Friday, February 7, 2014

iF:Gathering in Lebanon

Today I am going to gather with women from out my community to think over the question If God is real, then what? 
This event is taking place in Austin, Texas and we are participating in the simulcast here at First Baptist Church.  I am excited and nervous and anxious and seeking all at the same time. I know this weekend is going to be a time of reflection and vulnerability. Shedding off my outward appearance and working on who I am as a daughter of Christ. Joining with ladies in the raw and brokenness of our lives. We each have things we deal with, things we hide and things we struggle with that only HIS grace can change. 

"We exist to gather, equp and unleash the next generation of women to live out their purpose"
      -Jennie Allen. 


So why am I doing this? 
      For one because I am a doer. I have a natural flaw for overworking and over committing myself but in that I find solace. I am a continual grower and some of the women speakers have been a vital role in that process. Two, I am seeking answers. God moved big in my life and know I am searching and praying for what those next steps are going to look like and I hope this conference will help me with some of that. Three...because I love my fellow women and I want them to experience this growth and transformation too. 


How is this going to work? 
     We are meeting at First Baptist Church today at 4pm and going to join together to watch the simulcast.
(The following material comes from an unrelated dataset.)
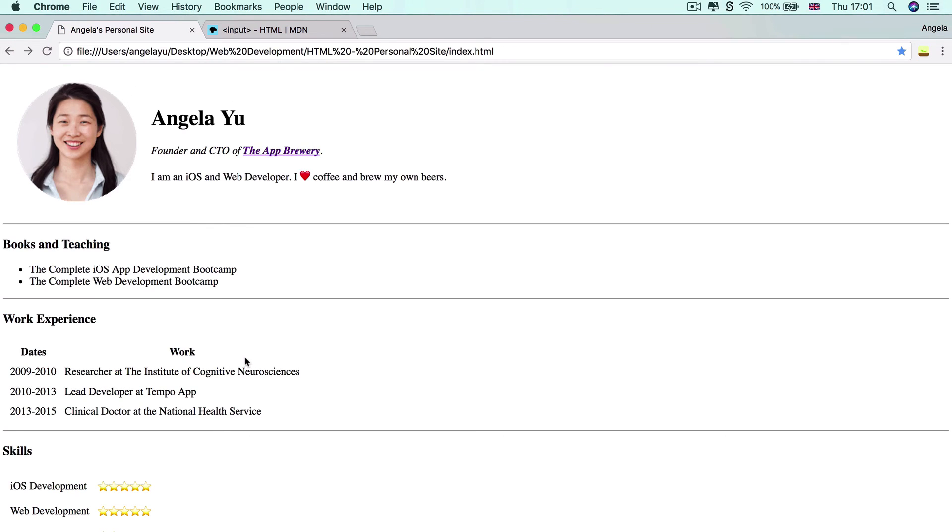Now, in the next lesson, we're going to be launching into our intermediate HTML challenge. So we're going to be getting you to recreate a web page using all of the things that you've learned in this module. So for all of that and more, I'll see you on the next lesson.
We will break for dinner and conversation around 6:30 (or whenever our stomachs start to growl) and will then join back into the simulcast until we call it quits. 
Then we will meet again Saturday at 9am, break for a lunch around town about noon and then rejoin for the afternoon sessions until about 4/5. 
 Will all the technology work together-who knows! I hope so and I am praying for it, but ultimatly it's up to him and our Internet connection! 


How do you prepare? 
   Pray, humble yourself and be prepared to be real, authentic time together. Each women is bringing a soup or a snack on Friday. Make sure you bring a bible, some type of item to journal with and wear your yoga pants as we prepare to lay it all out there! 

I am going to be utilizing #ifgathering to share our weekend and I hope you join us too or find a if:gathering near you! 

     -Amanda 





Monday, February 3, 2014

Siblings

I am an only child. My idea of siblings came from idolizing my cousins when we were all playing together and watching TV shows like Little House in the Prairie and Full House. I thought for sure that if I had a little sister I would have taken care of her just like DJ did with Michelle and we would have had matching outfits {complete with awesome hair bows}and tea parties together. This reality quickly was dashed when Gene and I were married and became a blended family and both J and S would play the "She's touching me"..."No, I'm Not"; "Shes looking at me"...."No, I'm Not" game {you know this game too???} But that was short lived and now these two are like two peas in a pod. Seriously, they are each-others best friends.
Fourth of July 2004...what cuties!

Showing off their matching blue Niagara Falls Jackets! 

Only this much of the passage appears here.